Jean-François Caron se voit comme un héritier du cinéma direct des années 60, et son Sainte-Marée de l'Incantation n'est pas très loin du Arvida mythologique de Samuel Archibald, ni du Saint-Élie-de-Caxton fantastique de Fred Pellerin. Pas question, donc, de se cantonner dans le roman historique. «Notre histoire, il faut l'inventer, la créer, la fictionner», croit l'auteur qui est né dans le Bas-du-Fleuve, a vécu au Saguenay, et qui vient de s'installer à Sainte-Béatrix, dans Lanaudière. «Je ne sais pas si j'arriverai un jour à sortir la région de moi. Mais j'aimerais aussi écrire sur la ville, sur ce que l'humain est capable de créer. Ça aussi, c'est grandiose.»

Une voix

Rose Brouillard est née il y a deux ans lors du festival Mots et marée, au Saguenay, pour lequel il avait écrit un texte original. «J'ai trouvé que ce personnage avait plus à dire que ces quelques pages. Et je me suis rendu compte que plein de monde pouvait intervenir.»

Les personnages sont en effet nombreux dans Rose Brouillard: le bedeau du village, ses trois cousines qui forment un choeur, l'amant de Dorothée, la voisine de Rose à Montréal, un couple de touristes, Onile le veilleur, son apprenti, la mère de Rose au destin tragique, et plusieurs autres encore...

Malgré tout, Jean-François Caron estime qu'on peut difficilement qualifier son roman de polyphonique. «Parce qu'on entend quand même une voix unique, celle du narrateur.» Un narrateur qui intervient à la manière d'un texte de théâtre, chaque scène étant précédée d'une sorte de didascalie. «Je suis Dorothée que ne peut dormir. Elle pense à ce qui viendra», par exemple, ou «Je suis l'enfant Rose par un soir d'orage, Rose qui a peur. Aussi, il y a la vieille chienne et le câille d'Onile.»

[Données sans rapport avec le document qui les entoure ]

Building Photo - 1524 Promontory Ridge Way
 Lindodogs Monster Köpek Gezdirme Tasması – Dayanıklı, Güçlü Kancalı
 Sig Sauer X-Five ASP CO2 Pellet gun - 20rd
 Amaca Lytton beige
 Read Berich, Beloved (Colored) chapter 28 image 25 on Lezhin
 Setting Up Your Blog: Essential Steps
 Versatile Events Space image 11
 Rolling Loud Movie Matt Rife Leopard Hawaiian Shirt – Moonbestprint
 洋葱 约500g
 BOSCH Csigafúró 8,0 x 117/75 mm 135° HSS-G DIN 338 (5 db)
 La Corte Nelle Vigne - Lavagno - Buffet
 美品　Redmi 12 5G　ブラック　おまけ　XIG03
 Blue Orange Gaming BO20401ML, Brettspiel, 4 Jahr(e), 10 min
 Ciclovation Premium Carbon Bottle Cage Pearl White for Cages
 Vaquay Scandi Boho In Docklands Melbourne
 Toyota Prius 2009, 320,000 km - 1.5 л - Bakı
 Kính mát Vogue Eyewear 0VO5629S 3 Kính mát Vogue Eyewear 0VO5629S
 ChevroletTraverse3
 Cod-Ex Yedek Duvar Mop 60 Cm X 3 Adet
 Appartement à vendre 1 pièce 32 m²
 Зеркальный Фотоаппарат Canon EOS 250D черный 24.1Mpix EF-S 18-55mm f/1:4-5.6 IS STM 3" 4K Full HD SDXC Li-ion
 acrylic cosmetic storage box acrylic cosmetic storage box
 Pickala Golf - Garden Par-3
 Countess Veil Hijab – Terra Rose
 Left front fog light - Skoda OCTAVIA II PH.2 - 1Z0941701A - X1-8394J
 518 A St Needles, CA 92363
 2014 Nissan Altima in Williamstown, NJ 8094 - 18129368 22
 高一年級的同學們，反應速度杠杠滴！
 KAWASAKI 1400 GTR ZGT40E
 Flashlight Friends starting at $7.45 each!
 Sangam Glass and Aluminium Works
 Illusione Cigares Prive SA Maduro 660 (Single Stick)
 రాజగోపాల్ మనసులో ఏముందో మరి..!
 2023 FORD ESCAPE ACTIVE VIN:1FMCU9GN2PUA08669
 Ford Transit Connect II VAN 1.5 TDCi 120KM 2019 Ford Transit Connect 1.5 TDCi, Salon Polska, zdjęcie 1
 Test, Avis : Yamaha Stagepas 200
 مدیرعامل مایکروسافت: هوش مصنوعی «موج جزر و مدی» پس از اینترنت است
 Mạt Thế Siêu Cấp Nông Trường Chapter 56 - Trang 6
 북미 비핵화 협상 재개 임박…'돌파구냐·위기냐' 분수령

Parlons d'un kaléidoscope alors. Ou, comme le proposent les éditeurs de la Peuplade, d'un archipel de séquences, porté par l'écriture fabuleuse de Jean-François Caron. Une écriture poétique certes, mais aussi drôle et émouvante, précise et fluide, lumineuse et saisissante. «J'ai une voix et je l'assume. D'ailleurs je ne sais pas si j'aurais été capable de m'effacer complètement derrière chaque personnage, même si chacun a sa couleur. Le livre est quand même porté par un seul souffle.»

L'ancien rédacteur en chef de Voir-Saguenay se consacre maintenant entièrement à l'écriture. Entre romans et recueils de poésie, il s'intéresse de plus en plus au théâtre et vient tout juste d'adapter Nos échoueries pour les planches. Mais l'écriture poétique demeure la colonne vertébrale de son travail. «Même quand j'écrivais des articles dans Voir, j'avais cette voix. Mais ce n'est pas une poésie structurante, plutôt une poésie du rapport des personnages au monde.»